What this task involves – Exact copy, pictures excluded: print the lines from the one with "Pastiglie freno asse anteriore - HELLA" through the final line of the records.

Scraped caption text data:
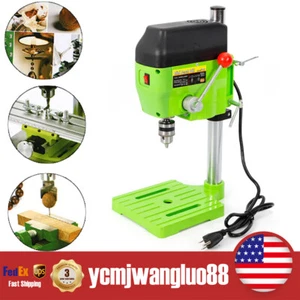 Mini Taladro Prensa Banco Compacto Pequeño Eléctrico Taladradora Trabajo 110V 480W - Imagen 1 de 12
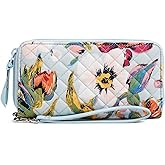 Vera Bradley Women's Cotton Accordion Wristlet with RFID Protection | Cotton, with RFID Protection
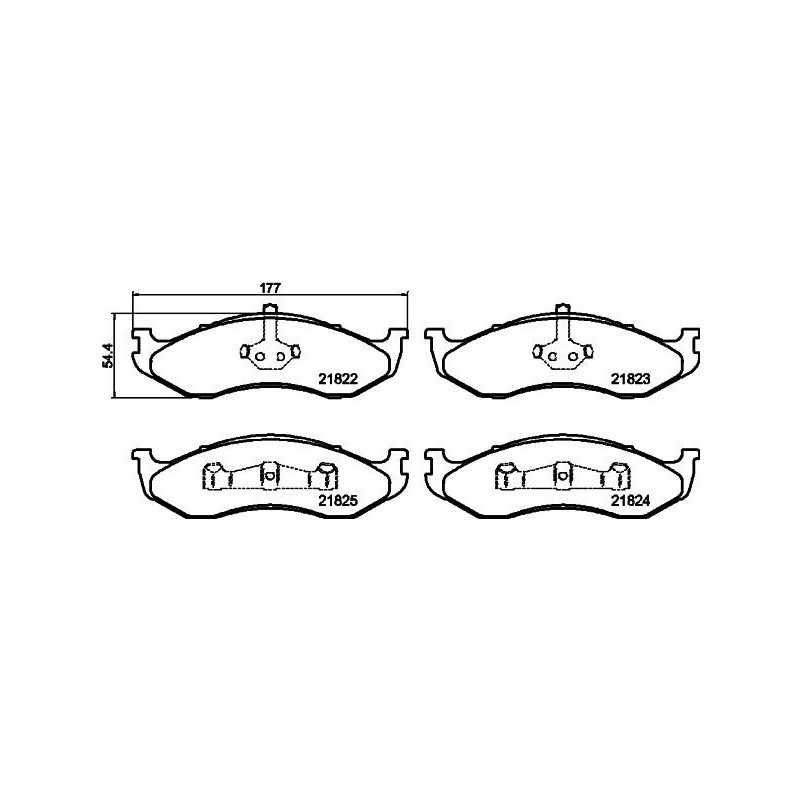 Pastiglie freno asse anteriore - HELLA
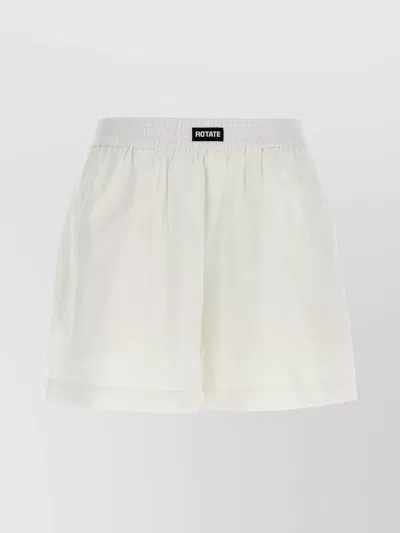 ROTATE BIRGER CHRISTENSEN STRETCHY WAISTBAND PULL-ON SHORTS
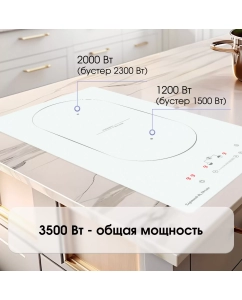 Купить Встраиваемая варочная панель индукционная Zigmund & Shtain CI 29.3 W черный  в E-mobi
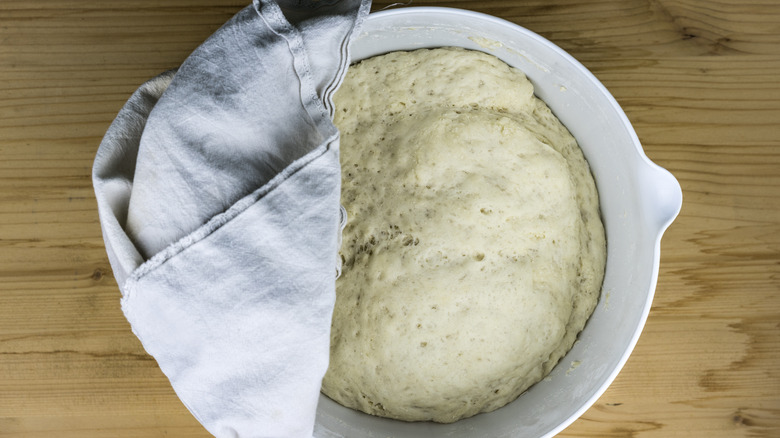 bread dough resting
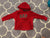 Gap 10 Red fleece hoodie 6T/6
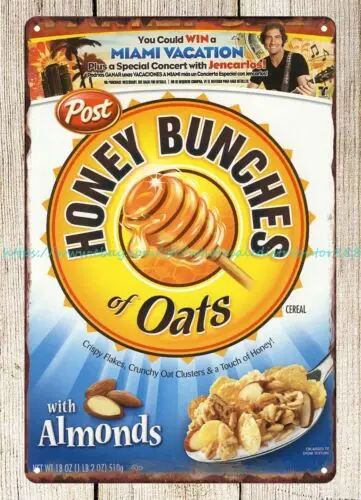 Honey Bunches Oats CEREAL metal tin sign unique decorative accessories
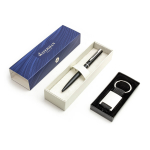 Waterman Allure Black Matte Tu&scaron;inukas su raktų žiedu ir graviravimu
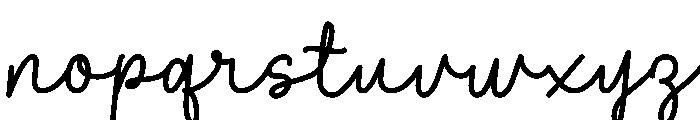 Lemonhoney Script Font LOWERCASE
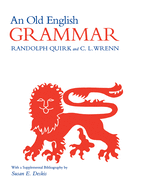 An Old English Grammar,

Solved exercise –
 Pastiglie freno asse anteriore - HELLA
 ROTATE BIRGER CHRISTENSEN STRETCHY WAISTBAND PULL-ON SHORTS
 Купить Встраиваемая варочная панель индукционная Zigmund & Shtain CI 29.3 W черный  в E-mobi
 bread dough resting
 Gap 10 Red fleece hoodie 6T/6
 Honey Bunches Oats CEREAL metal tin sign unique decorative accessories
 Waterman Allure Black Matte Tu&scaron;inukas su raktų žiedu ir graviravimu
 Lemonhoney Script Font LOWERCASE
 An Old English Grammar,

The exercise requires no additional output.